Some close onto small rooms while others reverberate into large spaces. Maybe
you need a castle door complete with a creaking portcullis. We hope you get the
idea about what it means to have access to every sort of sound, and there has
to be a catalog so you can find what you need. Thus, we see a company like
Hollywood Edge, a Division of Soundelux Entertainment Group.
In Figure 2, we are looking at a Hollywood Edge Web page that contains the same
SFX catalog that the company makes available in paperback version. It may take
a few guesses to locate a specific SFX, but the variety and beauty of the SFX
are amazing.
Figure 2
(click to enlarge).
Hollywood Edge has an SFX home page that contains a searchable
catalog of their libraries.
We don't want to get carried away listing the
available SFX, but just imagine how many household or military sounds there
are. Think of how many possible groups of people, including crowds speaking in
different languages there can be. Look at the Web site!

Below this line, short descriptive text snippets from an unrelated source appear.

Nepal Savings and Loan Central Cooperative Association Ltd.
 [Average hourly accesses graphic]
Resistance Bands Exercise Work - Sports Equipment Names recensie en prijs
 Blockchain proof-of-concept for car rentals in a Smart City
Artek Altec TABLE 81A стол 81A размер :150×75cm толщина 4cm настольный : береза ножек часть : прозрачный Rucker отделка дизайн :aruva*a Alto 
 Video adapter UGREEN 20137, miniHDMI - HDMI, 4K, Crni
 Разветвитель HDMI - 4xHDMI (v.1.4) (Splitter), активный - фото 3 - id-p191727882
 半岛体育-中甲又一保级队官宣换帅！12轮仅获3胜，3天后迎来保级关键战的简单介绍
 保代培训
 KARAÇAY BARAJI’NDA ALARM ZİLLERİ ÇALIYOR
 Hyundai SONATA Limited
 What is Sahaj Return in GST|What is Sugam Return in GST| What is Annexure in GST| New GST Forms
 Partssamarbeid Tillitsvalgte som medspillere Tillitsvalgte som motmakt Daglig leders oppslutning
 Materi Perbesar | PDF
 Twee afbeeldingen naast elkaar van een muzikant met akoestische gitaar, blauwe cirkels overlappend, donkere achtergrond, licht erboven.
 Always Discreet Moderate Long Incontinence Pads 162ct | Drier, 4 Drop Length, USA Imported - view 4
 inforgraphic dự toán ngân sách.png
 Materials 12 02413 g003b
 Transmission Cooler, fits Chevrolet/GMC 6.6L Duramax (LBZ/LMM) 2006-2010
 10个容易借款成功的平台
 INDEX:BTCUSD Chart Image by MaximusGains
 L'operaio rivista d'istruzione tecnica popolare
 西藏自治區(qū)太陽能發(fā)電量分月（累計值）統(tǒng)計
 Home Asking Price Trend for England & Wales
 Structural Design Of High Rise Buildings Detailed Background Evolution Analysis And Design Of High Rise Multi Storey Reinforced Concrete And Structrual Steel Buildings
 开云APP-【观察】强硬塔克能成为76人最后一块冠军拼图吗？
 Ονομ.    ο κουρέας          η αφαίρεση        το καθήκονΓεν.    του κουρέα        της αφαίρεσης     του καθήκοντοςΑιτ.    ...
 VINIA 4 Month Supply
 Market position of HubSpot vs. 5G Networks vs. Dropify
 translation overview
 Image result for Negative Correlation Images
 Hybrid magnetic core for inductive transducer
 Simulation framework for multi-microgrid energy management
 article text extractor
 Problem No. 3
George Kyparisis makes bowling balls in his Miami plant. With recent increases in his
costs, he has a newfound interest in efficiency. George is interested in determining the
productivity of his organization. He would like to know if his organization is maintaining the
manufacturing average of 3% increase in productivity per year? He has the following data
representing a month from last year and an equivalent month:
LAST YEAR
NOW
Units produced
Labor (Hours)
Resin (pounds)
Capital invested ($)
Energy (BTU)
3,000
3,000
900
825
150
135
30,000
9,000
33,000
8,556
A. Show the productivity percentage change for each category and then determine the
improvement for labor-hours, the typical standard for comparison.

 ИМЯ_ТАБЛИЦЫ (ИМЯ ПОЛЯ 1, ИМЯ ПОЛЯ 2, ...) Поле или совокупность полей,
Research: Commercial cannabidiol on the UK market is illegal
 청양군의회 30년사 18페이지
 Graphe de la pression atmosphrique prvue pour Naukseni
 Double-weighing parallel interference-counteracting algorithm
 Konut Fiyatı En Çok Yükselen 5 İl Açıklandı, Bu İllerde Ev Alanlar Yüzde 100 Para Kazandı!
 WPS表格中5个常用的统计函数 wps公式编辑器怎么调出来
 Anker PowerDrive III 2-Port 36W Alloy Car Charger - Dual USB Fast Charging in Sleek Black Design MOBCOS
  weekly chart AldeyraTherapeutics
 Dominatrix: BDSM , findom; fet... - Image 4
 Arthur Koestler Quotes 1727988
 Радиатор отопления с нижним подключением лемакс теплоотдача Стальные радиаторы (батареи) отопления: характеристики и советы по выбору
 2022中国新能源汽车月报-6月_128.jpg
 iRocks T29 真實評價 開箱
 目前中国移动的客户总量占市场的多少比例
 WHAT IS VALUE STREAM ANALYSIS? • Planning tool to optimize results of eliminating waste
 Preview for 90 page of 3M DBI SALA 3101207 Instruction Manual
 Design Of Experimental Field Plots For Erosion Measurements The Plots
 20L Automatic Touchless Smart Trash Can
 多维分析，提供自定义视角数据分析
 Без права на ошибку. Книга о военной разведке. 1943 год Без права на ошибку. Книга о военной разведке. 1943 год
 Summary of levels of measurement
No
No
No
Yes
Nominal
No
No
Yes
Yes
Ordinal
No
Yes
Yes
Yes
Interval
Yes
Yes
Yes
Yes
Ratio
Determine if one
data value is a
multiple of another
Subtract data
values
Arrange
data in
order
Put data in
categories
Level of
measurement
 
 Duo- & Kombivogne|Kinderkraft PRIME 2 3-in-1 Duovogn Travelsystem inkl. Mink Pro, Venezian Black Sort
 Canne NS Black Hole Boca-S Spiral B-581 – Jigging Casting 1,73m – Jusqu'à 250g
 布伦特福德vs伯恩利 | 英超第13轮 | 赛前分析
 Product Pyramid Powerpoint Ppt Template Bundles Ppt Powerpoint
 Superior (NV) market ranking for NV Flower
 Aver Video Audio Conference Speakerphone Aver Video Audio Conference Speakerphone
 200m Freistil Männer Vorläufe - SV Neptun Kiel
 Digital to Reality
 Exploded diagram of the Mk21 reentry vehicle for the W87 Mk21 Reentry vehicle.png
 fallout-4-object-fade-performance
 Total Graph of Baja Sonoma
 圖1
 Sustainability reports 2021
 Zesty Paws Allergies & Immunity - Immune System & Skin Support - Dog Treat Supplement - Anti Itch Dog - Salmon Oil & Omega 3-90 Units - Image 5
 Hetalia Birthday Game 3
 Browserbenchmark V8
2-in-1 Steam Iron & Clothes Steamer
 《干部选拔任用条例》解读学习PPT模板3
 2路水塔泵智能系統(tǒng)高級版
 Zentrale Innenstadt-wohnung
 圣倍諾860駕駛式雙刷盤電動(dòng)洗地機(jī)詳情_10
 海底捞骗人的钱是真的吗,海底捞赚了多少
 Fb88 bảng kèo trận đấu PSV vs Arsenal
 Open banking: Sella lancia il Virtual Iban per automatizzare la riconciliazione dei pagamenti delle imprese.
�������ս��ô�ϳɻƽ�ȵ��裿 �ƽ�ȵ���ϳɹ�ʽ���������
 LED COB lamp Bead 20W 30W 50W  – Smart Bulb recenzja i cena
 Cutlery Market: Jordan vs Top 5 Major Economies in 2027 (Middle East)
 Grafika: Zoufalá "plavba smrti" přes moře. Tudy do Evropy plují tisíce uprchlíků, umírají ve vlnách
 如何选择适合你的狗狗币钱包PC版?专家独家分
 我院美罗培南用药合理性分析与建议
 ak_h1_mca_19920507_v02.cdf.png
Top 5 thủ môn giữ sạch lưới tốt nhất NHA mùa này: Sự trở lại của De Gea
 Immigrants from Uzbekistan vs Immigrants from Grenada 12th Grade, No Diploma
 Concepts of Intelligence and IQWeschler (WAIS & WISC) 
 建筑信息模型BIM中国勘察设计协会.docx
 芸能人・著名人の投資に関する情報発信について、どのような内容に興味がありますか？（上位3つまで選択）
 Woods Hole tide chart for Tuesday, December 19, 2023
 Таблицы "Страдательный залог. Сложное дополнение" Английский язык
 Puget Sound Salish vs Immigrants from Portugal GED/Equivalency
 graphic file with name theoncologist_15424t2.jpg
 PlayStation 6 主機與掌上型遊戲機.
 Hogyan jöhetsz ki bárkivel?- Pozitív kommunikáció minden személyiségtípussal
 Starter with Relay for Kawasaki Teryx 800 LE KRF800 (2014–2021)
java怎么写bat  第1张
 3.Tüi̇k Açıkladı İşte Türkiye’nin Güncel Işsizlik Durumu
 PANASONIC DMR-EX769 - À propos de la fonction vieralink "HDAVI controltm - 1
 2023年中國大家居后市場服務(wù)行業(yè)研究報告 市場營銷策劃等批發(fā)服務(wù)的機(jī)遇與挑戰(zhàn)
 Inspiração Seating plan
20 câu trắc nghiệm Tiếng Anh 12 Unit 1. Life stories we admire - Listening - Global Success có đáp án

The sounds are on standards audio CDs. For example, there are CDs labeled
"Household Sounds" and another just for "Fights, Body Falls, Cracks and Whips."
If you use Explorer to see the bands on the CD, you will see upwards of a
hundred bands with the extension CDA. Click on any band and Windows 98 brings
up the new Deluxe CD Player seen in Figure 3. By default, it immediately starts
playing the sounds in order on the CD. Actually, just closing the CD door
starts the playing of the CD from the beginning just as if it were a music
collection. Be prepared if you have loaded one of the hi-fi military CDs and it
starts playing on its own. We say "be prepared" because Hollywood Edge is not
fooling around. These people have won Academy Awards. Turn on "The Terminator"
movie and you will know what we mean by this company's hi-fi SFX.
Even though the new Deluxe CD Player (Figure 3) can look on the Web for a CD's
directory, we didn't spend any time aiming it at Hollywood Edge's home page. We
guess that one simply locates sounds in the computerized catalog, looks in the
printed catalog, or just looks at the lists of all the sounds on the back of
each CD. Similar sounds are grouped together. Once you find what you need, use
the Windows Sound Recorder to create a digital WAV file that is in the 16
bits/44.1 MHz format that all CDs use. Next, you can set up looping, combining,
fading and other editing of sounds using a professional program such as
Cakewalk, or use the Windows 98 utilities.
Figure 3
(click to enlarge).
We were surprised to discover the Windows 98 Deluxe CD Player with
lots of new functionality, especially Web integration.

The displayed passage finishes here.